Gay Service Member to Attend Military Event with Partner
BY Advocate.com Editors
October 19 2011 9:26 PM ET
A member of the New Hampshire National Guard will be allowed to attend an upcoming Yellow Ribbon event with her same-sex partner, Defense Department officials said Wednesday.
Chief Warrant Officer Charlie Morgan, who returned recently from a deployment in Kuwait and made headlines when she came out in the national media following repeal of “don’t ask, don’t tell,” said earlier this week that she was not authorized to bring her partner of 11 years to a required-attendance Yellow Ribbon Reintegration Program event.
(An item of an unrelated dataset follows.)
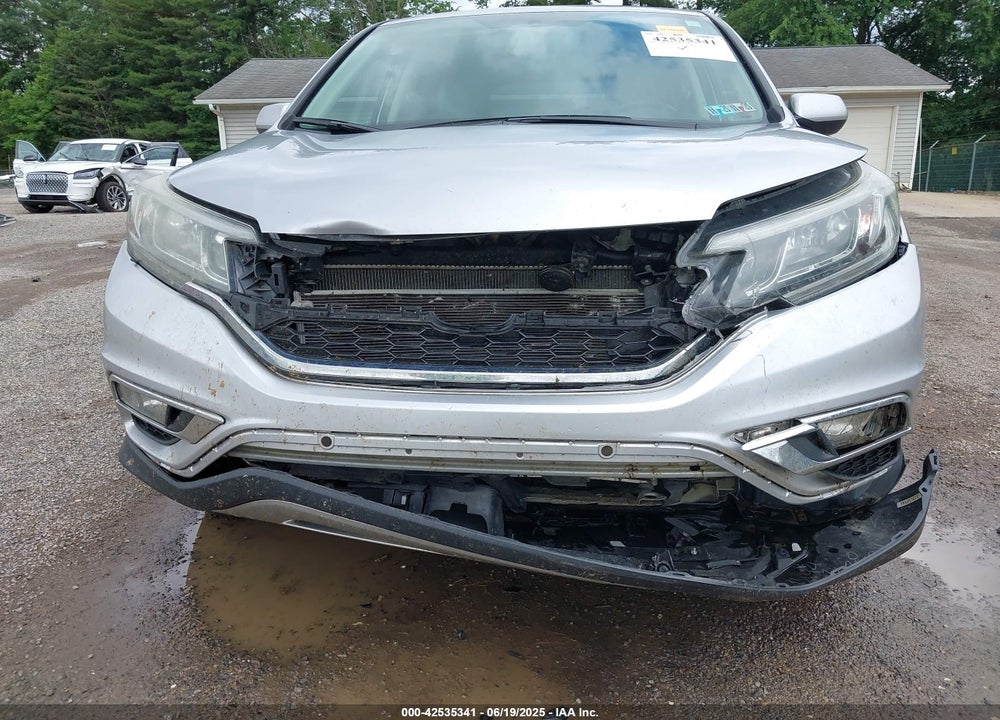 2016 HONDA CR-V EX VIN: 2HKRM4H56GH693219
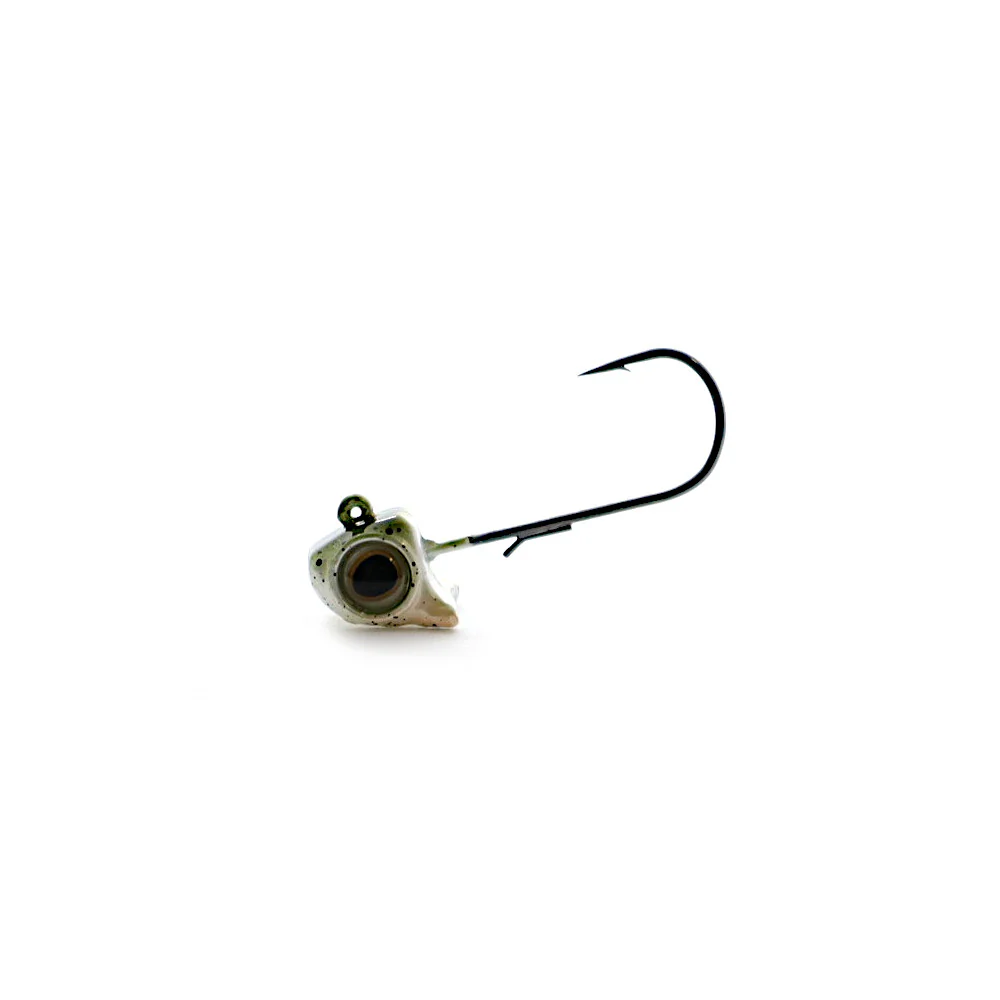 Finesse Eyez Jig Heads | ZMan Fishing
On Tuesday, New Hampshire senator Jeanne Shaheen sent a letter to Secretary of Defense Leon Panetta regarding the matter and urged the department to “allow same-sex couples to participate in all future DOD family events.”
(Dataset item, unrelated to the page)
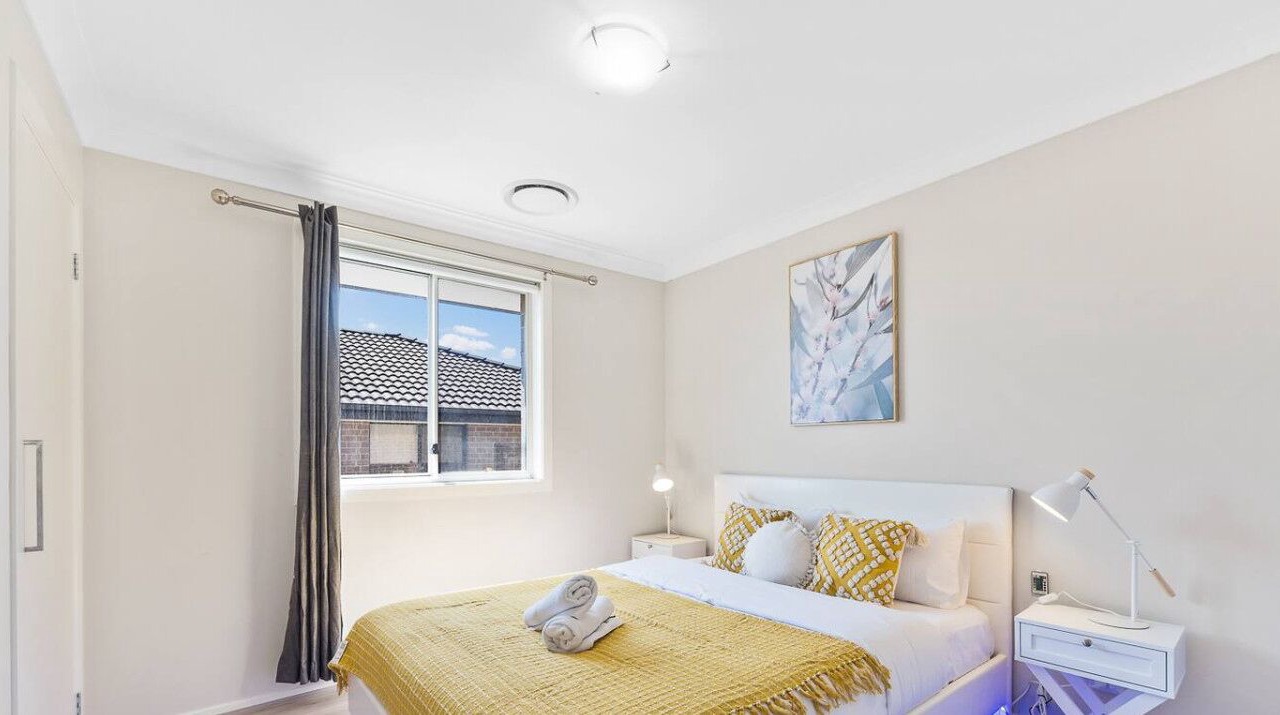 Photo of Bedroom in The Ponds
Pentagon spokeswoman Eileen Lainez told The Advocate late Wednesday that same-sex partners or spouses are allowed to attend such events:
"According to applicable law and DOD policy, a member of the uniformed
services who is eligible to attend a Yellow Ribbon Reintegration Program
event may designate one or more people of his/her choosing to attend," Lainez said in an email response.
Lainez said the Defense Department "has received [Senator Shaheen's] letter and will respond to her as appropriate. We have also addressed this issue with the New Hampshire National Guard."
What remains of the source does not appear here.